Basın ve Hukukta Hakikatleri Araştırma Derneği, ‘Sincan Kapalı Kadın Hapishanesi Mahpus Görüşmeleri’ raporunu hazırladı.
Rapor için dernek avukatlarından Gulan Çağın Kaleli, 10 Aralık 2022’de gazeteciler Habibe Eren, Berivan Altan, Diren Yurtsever, Öznur Değer, Ceylan Şahinli ile görüştü.
28 Ekim 2022 tarihinden bu yana tutuklu olan gazetecilerle gerçekleştirilen görüşmede özel olarak iletişim konusunda maruz bırakıldıkları hak ihlalleri ve sınırlandırılmalar, anlatımları ve dernek avukatlarının gözlemleri ile raporlaştırıldı.
SADECE A HABER, HABERTÜRK, FOX İZLEYEBİLİYORLAR
Yapılan görüşmede gazeteciler yalnızca A Haber, Fox TV ve Habertürk gibi kanallarını izleyebildiklerini ifade ettiler. Gazeteciler söz konusu kanalların geçmiş olduğu haberler dışında başka haberleri takip edemiyor olmanın, kendileri açısından yarattığı problemi dile getirdiler.
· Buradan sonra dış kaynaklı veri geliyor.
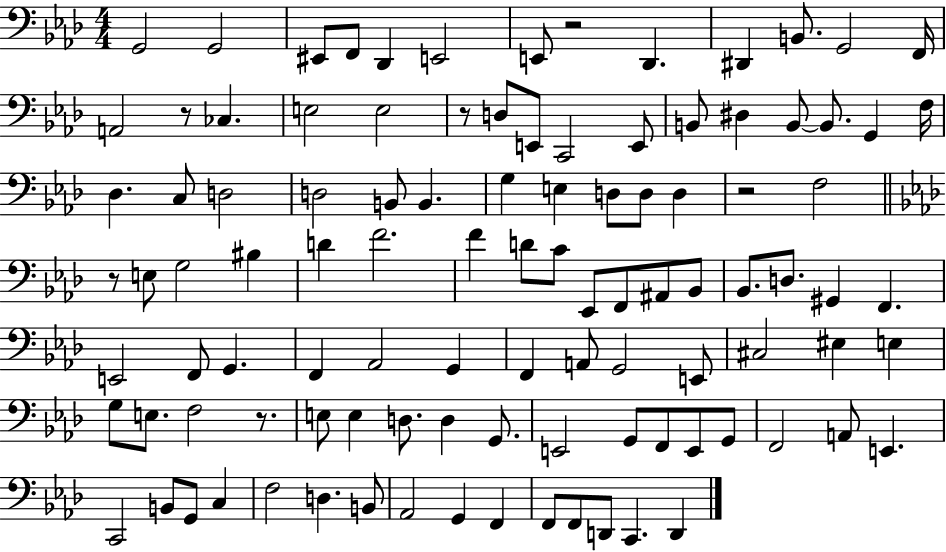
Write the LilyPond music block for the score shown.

{
  \clef bass
  \numericTimeSignature
  \time 4/4
  \key aes \major
  g,2 g,2 | eis,8 f,8 des,4 e,2 | e,8 r2 des,4. | dis,4 b,8. g,2 f,16 | \break a,2 r8 ces4. | e2 e2 | r8 d8 e,8 c,2 e,8 | b,8 dis4 b,8~~ b,8. g,4 f16 | \break des4. c8 d2 | d2 b,8 b,4. | g4 e4 d8 d8 d4 | r2 f2 | \break \bar "||" \break \key f \minor r8 e8 g2 bis4 | d'4 f'2. | f'4 d'8 c'8 ees,8 f,8 ais,8 bes,8 | bes,8. d8. gis,4 f,4. | \break e,2 f,8 g,4. | f,4 aes,2 g,4 | f,4 a,8 g,2 e,8 | cis2 eis4 e4 | \break g8 e8. f2 r8. | e8 e4 d8. d4 g,8. | e,2 g,8 f,8 e,8 g,8 | f,2 a,8 e,4. | \break c,2 b,8 g,8 c4 | f2 d4. b,8 | aes,2 g,4 f,4 | f,8 f,8 d,8 c,4. d,4 | \break \bar "|."
}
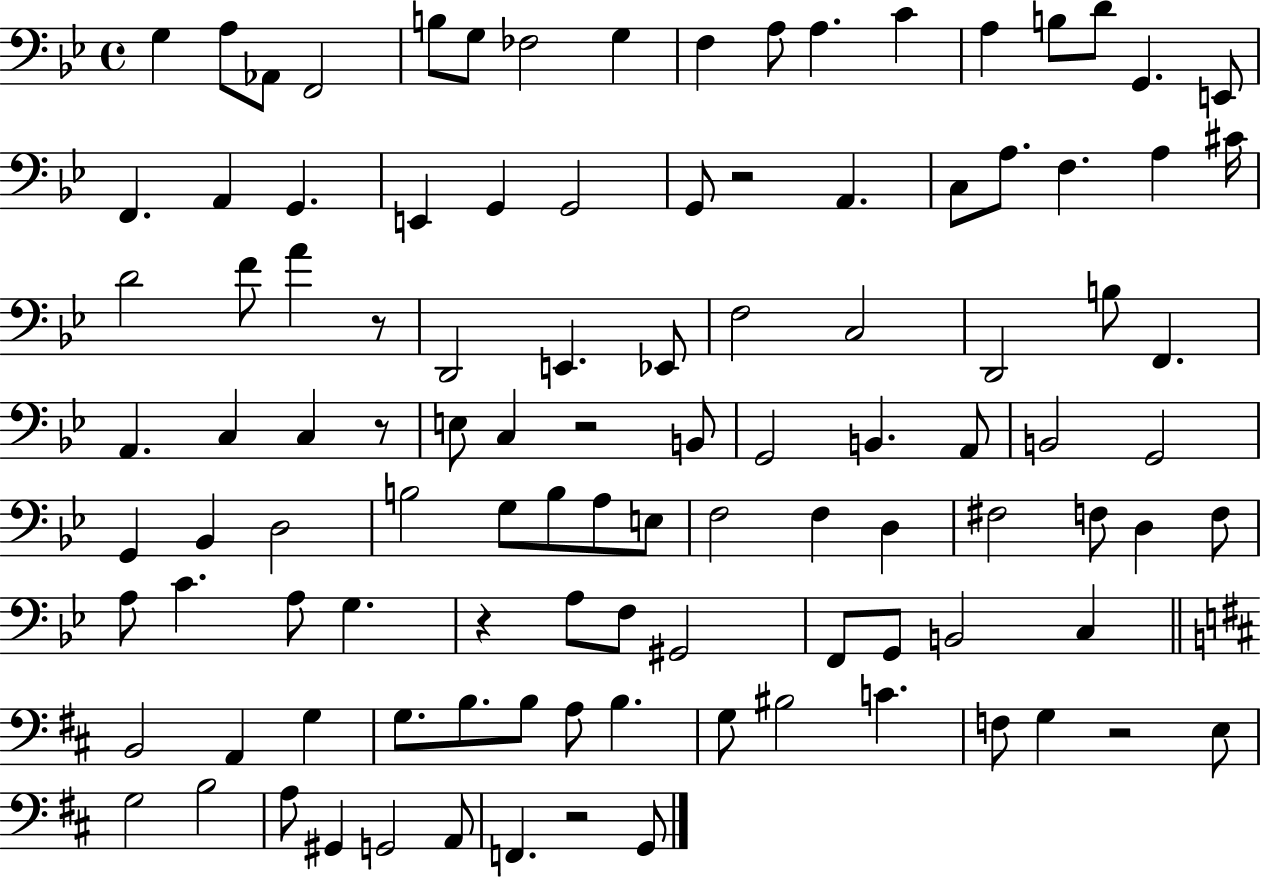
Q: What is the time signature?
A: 4/4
Bunu dışında raporda yalnızca Basın İlan Kurumu’na resmi ilan ve reklam verebilen süreli yayınların okunabileceğine dair bir listenin olduğunu belirttiler.
Gazeteciler, Yeni Yaşam Gazetesi‘nin yasaklı olması sebebiyle ulaşılamıyor olmasının hem haber alma haklarına müdahale hem de kendi mesleklerini icra ettikleri alandan koparılma çabası olarak gördüklerini ifade ettiler.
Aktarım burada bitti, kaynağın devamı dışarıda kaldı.